If we choose a cost per disk transaction then indexing becomes important. Inefficient queries, or full table scans, start to become very costly. Even though our query returns a small amount of data, it may have needed to load a large amount of data from the disk to find it. If we haven’t overloaded the DB we may not even notice any speed issue, but certainly we’ll notice the cost at the end of the month.
If we chose a cost per row, or MB, model then what we store becomes important. Using the DB as a log backing store no longer seems like a good idea when every row ends up costing us. Large binary blobs may also be an issue, forcing us to use a specialized file store service instead of the DB. And obviously removing any redundancy from the DB tables and columns will yield direct cost savings.
What becomes obvious is the decision to use cloud hosting should have a significant impact on the way we design our application. We can’t just design locally and then expect to deploy to a hosting provider. Sure, that is possible, but the resulting cost will be exorbitantly high! To keep costs down we really need to design around and target the PaaS provider.

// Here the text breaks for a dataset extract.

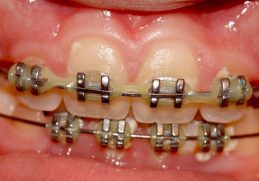 cost of teeth braces in Thailand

From a business perspective these costs provide a direct way to justify optimizations. We can simply measure the number of rows scanned in a DB, the amount of CPU time taken, or the amount of disk space used by an application, or method. From there we can calculate the cost. Now when we present a potential optimization to management we can genuinely show how it will save the company money.
This still needs to be weighed against the added development time, but at least we have a basis to make this comparison. If our goal were simply to improve response time, it becomes a lot harder to justify the time. The relationship between response time and revenue is a lot more tenuous than a concrete link between processing and cloud costs.
In a way I find it kind of refreshing that performance returns as a significant consideration. I think having abundance of cheap powerful hardware has led to a lot of inefficient technologies. The constraints of cloud computing should have more projects thinking more carefully about their implementation. Well, at least until the cloud costs come down enough that we can stop worrying again.